7. The procedure for obtaining information about the patient’s health condition
7.1. Information about the state of health, including information about the results of a medical examination, the presence of a disease, about the established diagnosis and prognosis of the development of the disease, methods of providing medical care, the associated risk, possible types of medical intervention, its consequences and the results of providing medical care is provided to the Patient (the legal representative of the Patient) by the attending physician in a form accessible to him at his request.Information about the state of health cannot be provided to the Patient against his will.
7.2. The patient has the right to directly familiarize himself with the medical documentation reflecting his state of health, and to receive consultations from other specialists on the basis of such documentation.

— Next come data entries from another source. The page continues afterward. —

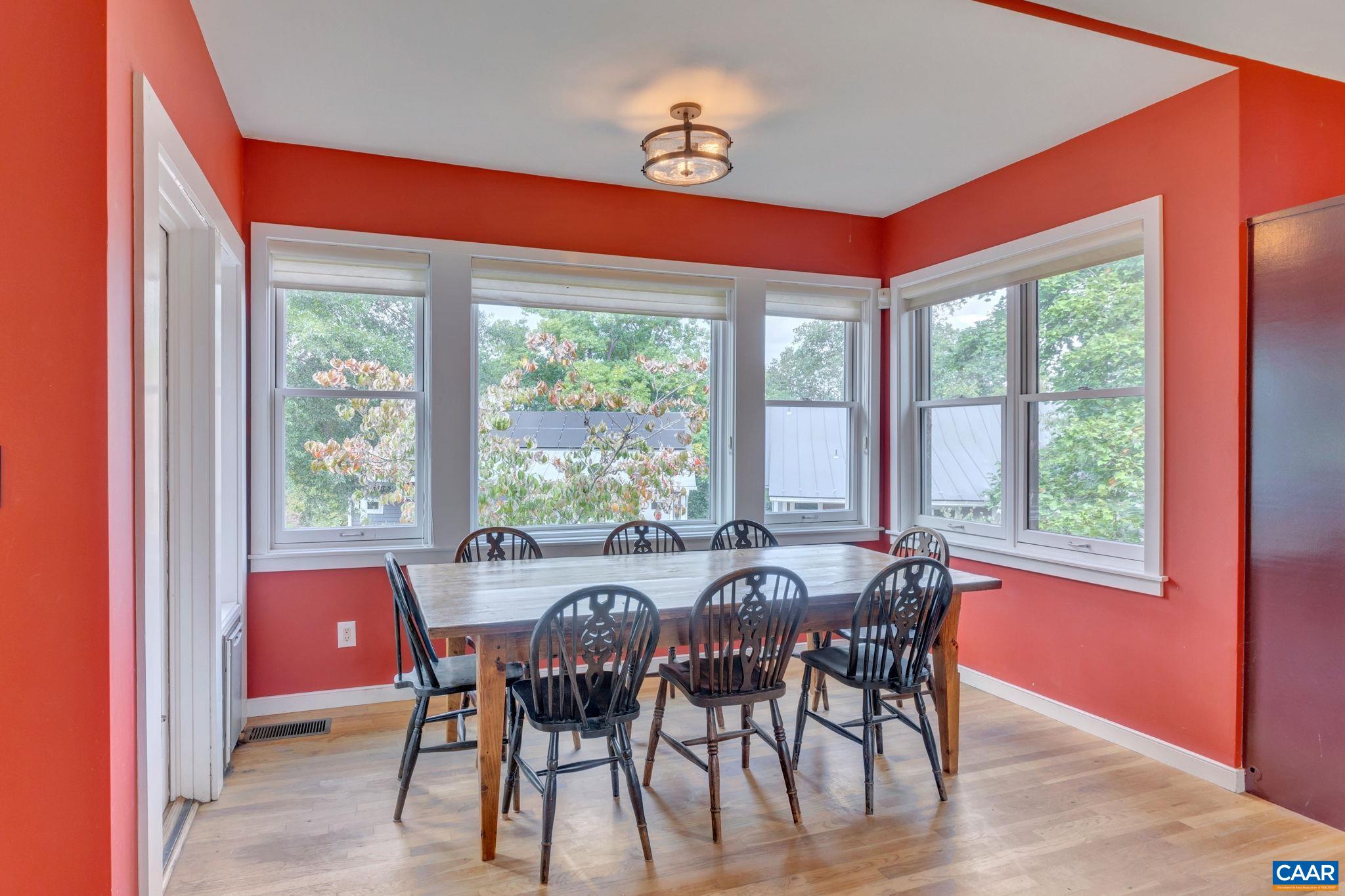 118 RIVERBLUFF CIR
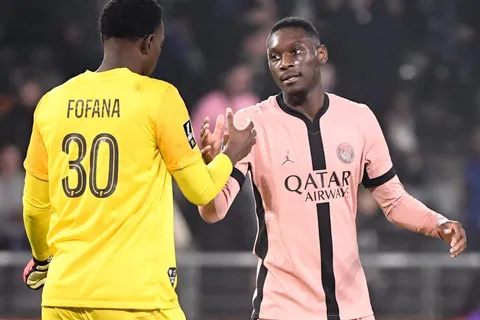 Mercato - PSG : les 4 clubs de Premier League sur Randal Kolo Muani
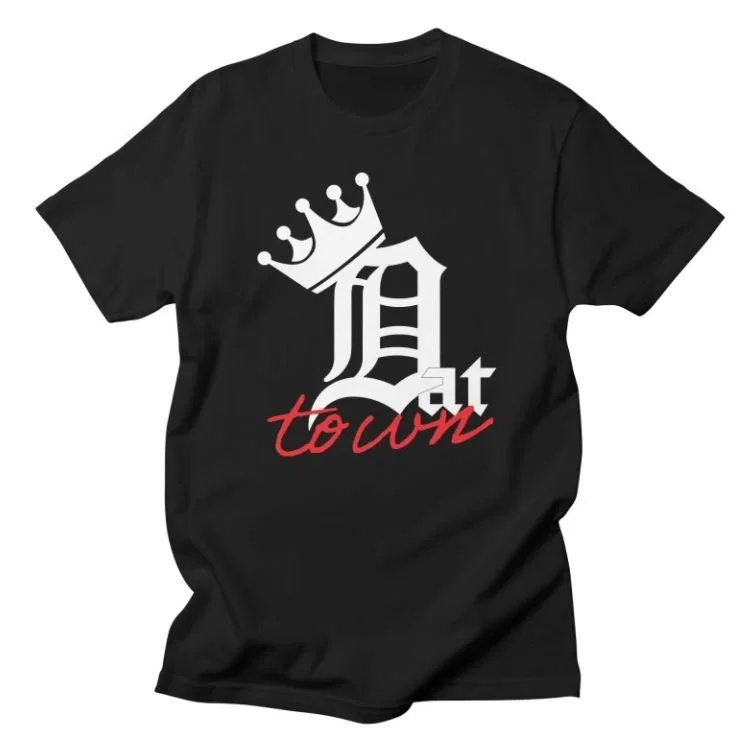 dat town black tee.JPG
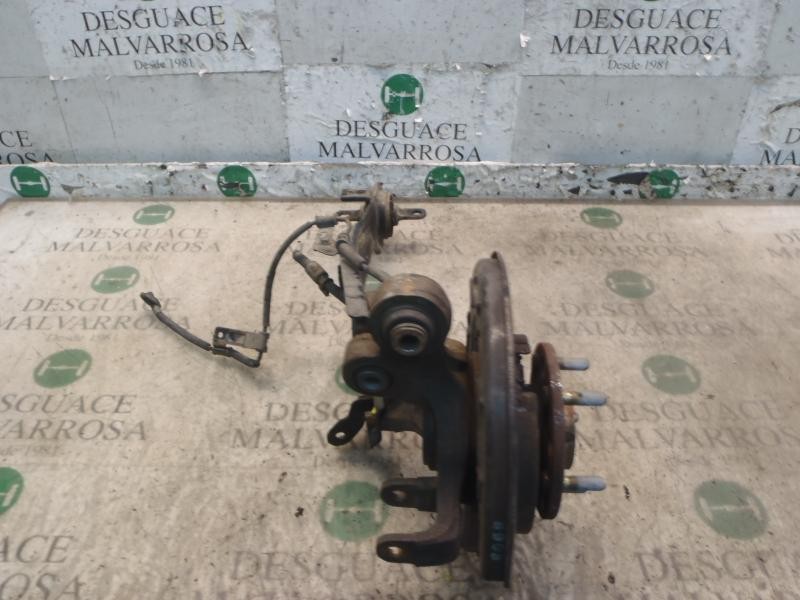 Recambio de mangueta trasera izquierda para kia carens (un) emotion referencia OEM IAM 527101D010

7.3. The patient has the right, on the basis of a written application, to receive medical documents reflecting the state of health.
7.4. The disclosure of information constituting a medical secret to other citizens is allowed only with the written consent of the Patient or his legal representative, with the exception of cases provided for by the current legislation of the Russian Federation.
8. Responsibility for violation of the Rules
8.1. The Patient is responsible for non-compliance with these Rules, including the prescribed treatment regimen, which can reduce the quality of medical care, lead to the impossibility of completing it on time or adversely affect the patient’s health.
8.2. In case of violation by the Patients and other visitors of these Rules, public order, employees and security of the Company have the right to make appropriate comments to them, refuse to provide medical care in the absence of a risk to the life and health of the Patient, contact law enforcement agencies, apply other measures of influence provided for by the current legislation of the Russian Federation. Federation.
8.3. Obstructing the implementation of the process of providing medical care, disrespect for the Company’s employees, other Patients and visitors, causing moral harm to personnel, causing damage to business reputation and material damage to the Company, entails liability under the current legislation of the Russian Federation.